İlaç gibi dışsallığı çok yüksek bir sektör için kamu tarafından yapılacak harcamaların bir maliyet unsuru olarak değil, ülkemizin toplam verimliliğini artıracak ‘beşeri sermaye yatırımı’ olarak değerlendirilmesi büyük önem taşımaktadır. Yeni bakış açısıyla geri ödeme politikalarımızın da aynı fiyatlandırma politikalarında olduğu gibi revize edilmesi zorunluluk halini almıştır.
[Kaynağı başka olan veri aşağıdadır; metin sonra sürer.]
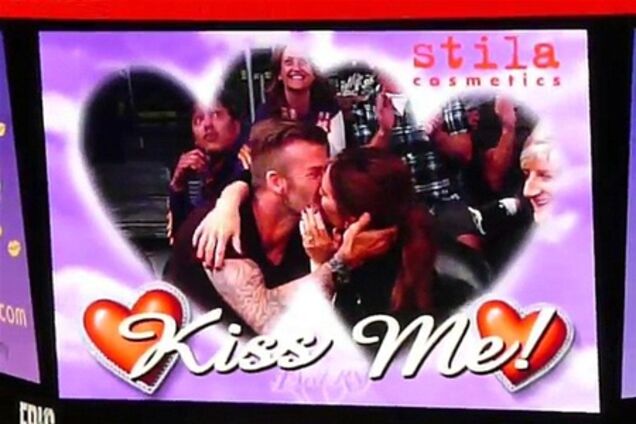 Бекхэмы ведут себя, как молодожены. Фото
Ruhsat başvurularının hızlı ve öngörülebilir bir şekilde sonuçlandırılması da sektörümüzün öncelikli sorunlarından birisidir. 2020 yılından beri bu alanda yaşadığımız tıkanıklık büyük oranda çözüme kavuşmuş durumda. Ancak tüm ilerlemeye rağmen Avrupa Birliği’nde olduğu gibi 210 gün ile sınırlandırılmış olan ülkemizdeki ruhsatlandırma süreçlerinde belirsizlik devam etmekte, 210 gün hedefi tutturulamamaktadır. Süreçlerdeki belirsizliklerin ve sürecin işlemesini engelleyici yaklaşımların önüne geçmek için kurumumuzla bir araya gelerek tüm konuları değerlendiriyoruz. Umut ediyoruz ki bu alandaki sorunlarımıza yönelik kalıcı çözümler oluşturur ve en kısa sürede belirsizlikleri ortadan kaldırdığımız bir sisteme geçiş yaparız.
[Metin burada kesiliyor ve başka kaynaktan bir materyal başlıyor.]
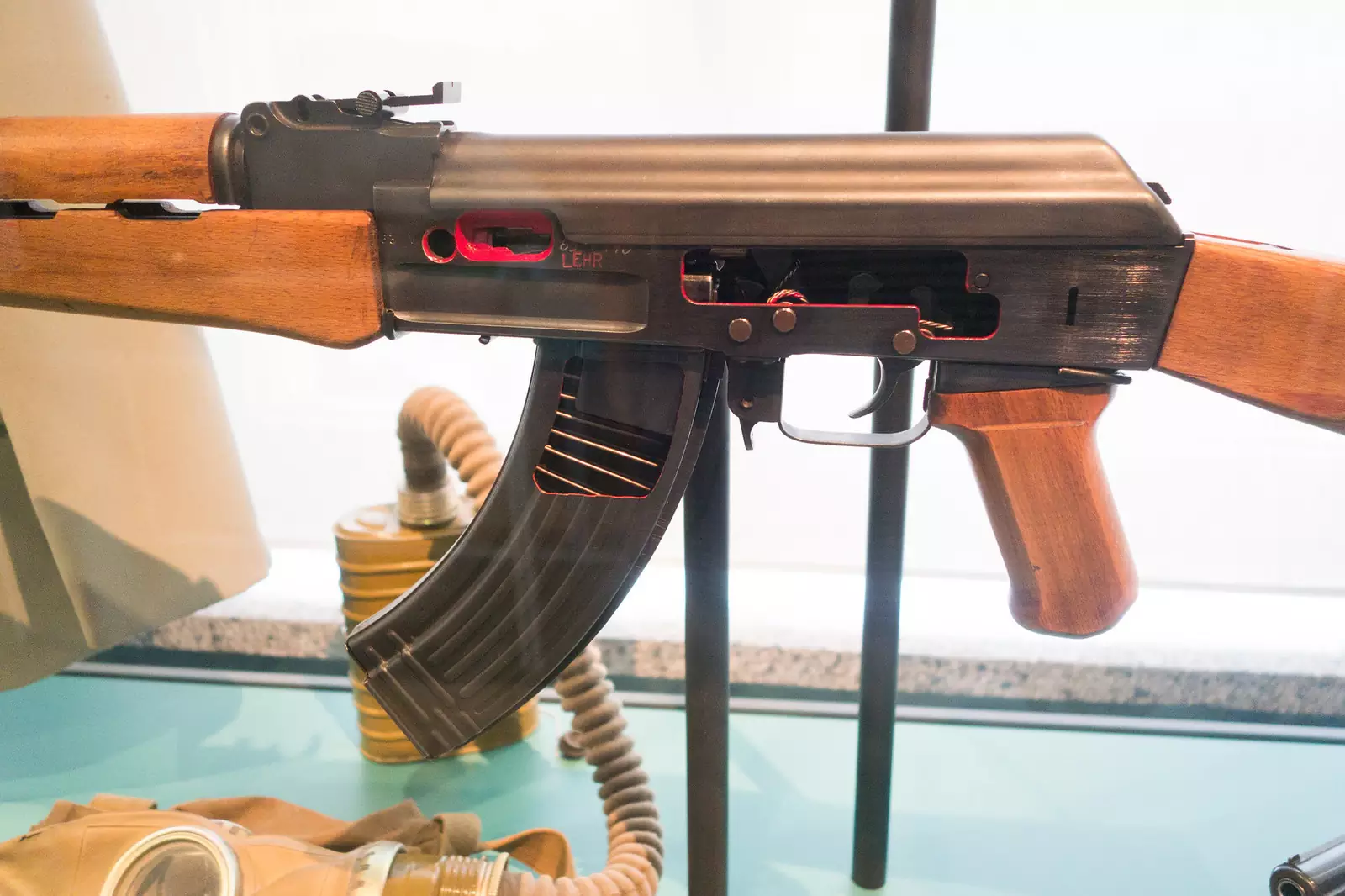 Автомат Калашникова. Автомат Калашникова.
2024 yılı beklentileriniz neler?
2024 yılından beklentimiz, öncelikle endüstrimizin acil çözüm bekleyen, fiyat ve geri ödeme politikaları başta olmak üzere yapısal sorunlarının çözümüne yönelik kapsamlı ve etkili politikalar oluşturulmasıdır. Biz de artık Cumhuriyetimizin 2. yüzyılına adım attığımız bu senede mali ve teknik sorunları değil, geleceğimize yön verecek trendlerin hazırlığını ana konularımız haline getirmek istiyoruz.
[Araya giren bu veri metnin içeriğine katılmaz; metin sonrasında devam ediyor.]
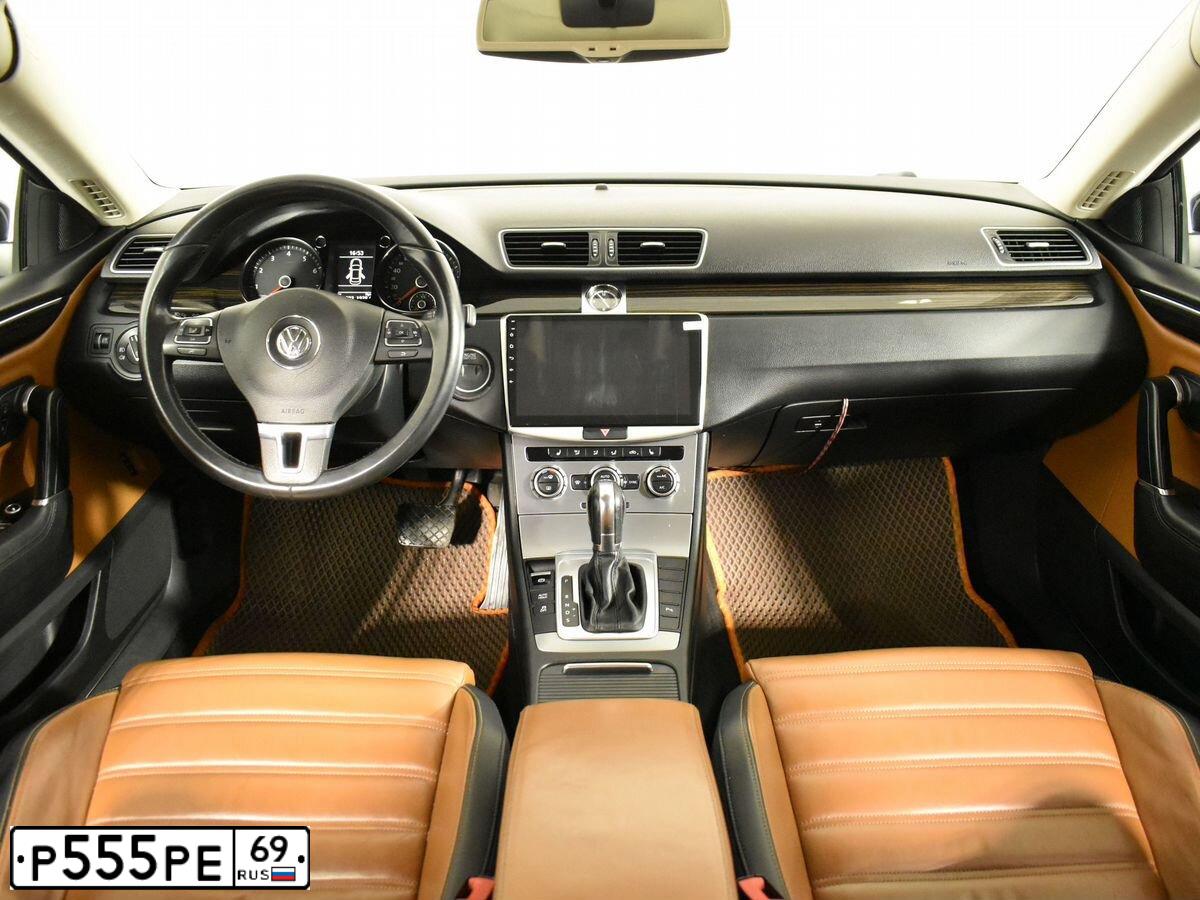 Фото автомобиля VOLKSWAGEN PASSAT, 2013 — госномер С908СУ164. Цвет: Коричневый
Tüm zorluklara rağmen, ülkemizde çok güçlü bir yerli ve milli ilaç endüstrisi var. Tartışmasız şekilde stratejik önem taşıyan ve tüm olumsuzluklara rağmen ülkemizde kullanılan her 100 ilacın 91’ini yurt içinde üretme başarısını gösteren, uluslararası standartlarda üretim tesislerine sahip olan sektörümüzü geleceğe taşıyacak, gücüne güç katacak uzun dönemli ve dengeli politikalarla Türk ilaç endüstrimizin küresel çapta bir güce ulaşacağına şüphemiz yok.